Without the pictures, write out all the lines below exactly as they appear.

» Stored data
________

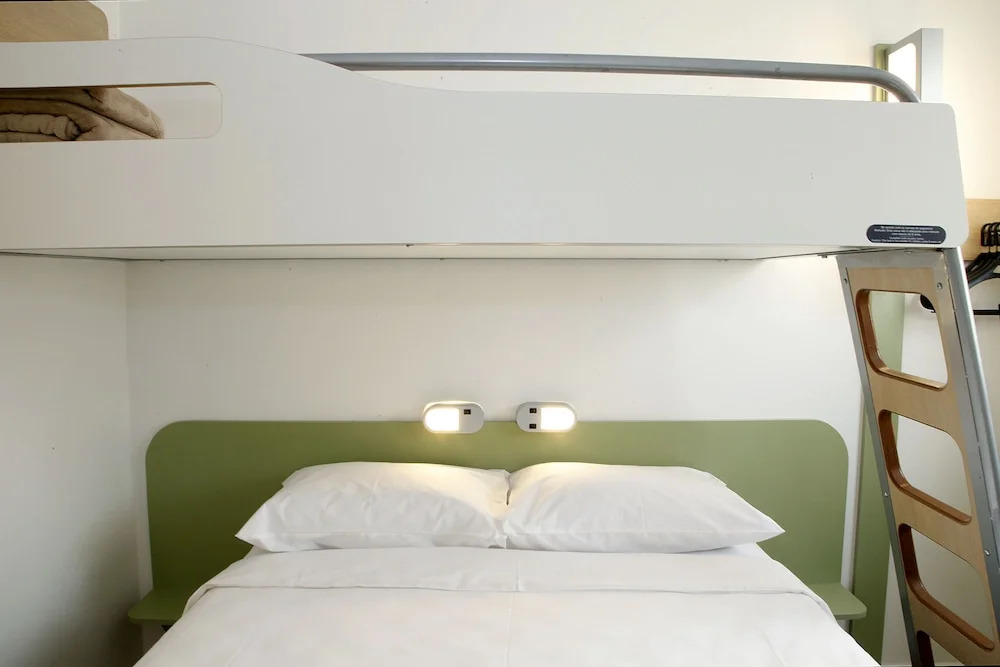 Двухместные апартаменты Standard двуспальная кровать в ibis budget BH Afonso Pena Savassi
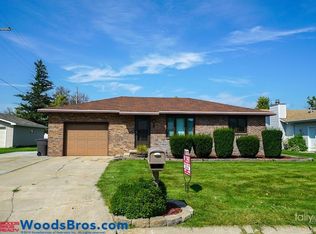 1104 E Oklahoma Ave, Grand Island, NE 68801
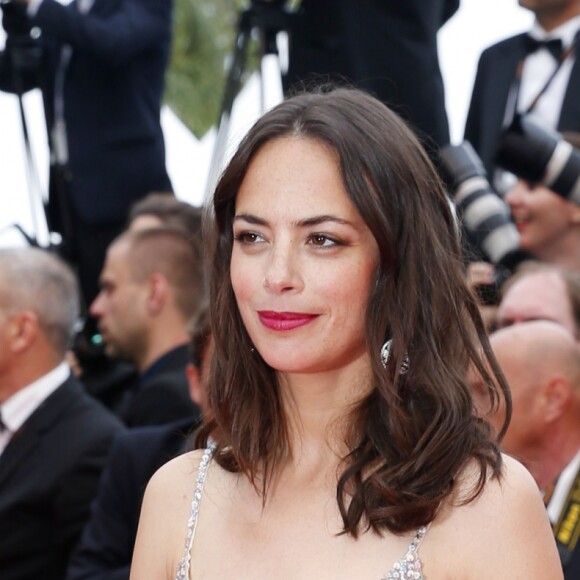 Bérénice Bejo (joaillerie Chaumet) - Montée des marches du film "The BFG" ("Le BGG Le Bon Gros Géant") lors du 69e Festival International du Film de Cannes. Le 14 mai 2016. © Borde-Jacovides-Moreau/Bestimage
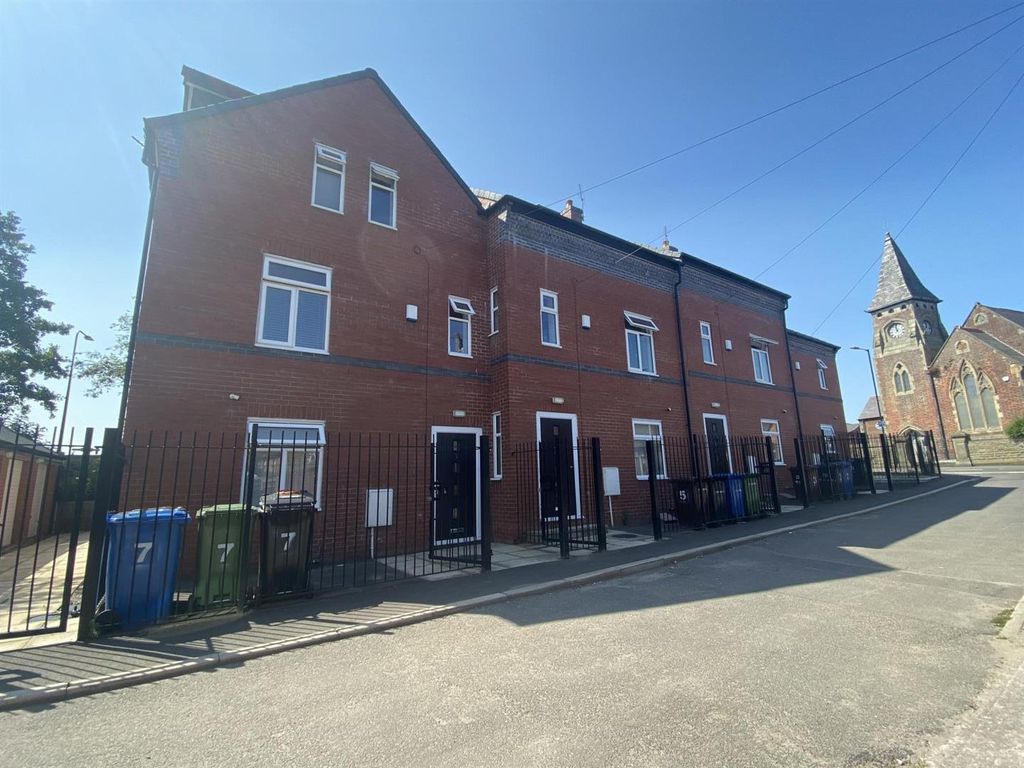 Property photo 1 of 19 1 St John Street, Pemberton, Wigan, Wn5 0DT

________

» Result below
 Двухместные апартаменты Standard двуспальная кровать в ibis budget BH Afonso Pena Savassi
 1104 E Oklahoma Ave, Grand Island, NE 68801
 Bérénice Bejo (joaillerie Chaumet) - Montée des marches du film "The BFG" ("Le BGG Le Bon Gros Géant") lors du 69e Festival International du Film de Cannes. Le 14 mai 2016. © Borde-Jacovides-Moreau/Bestimage
 Property photo 1 of 19 1 St John Street, Pemberton, Wigan, Wn5 0DT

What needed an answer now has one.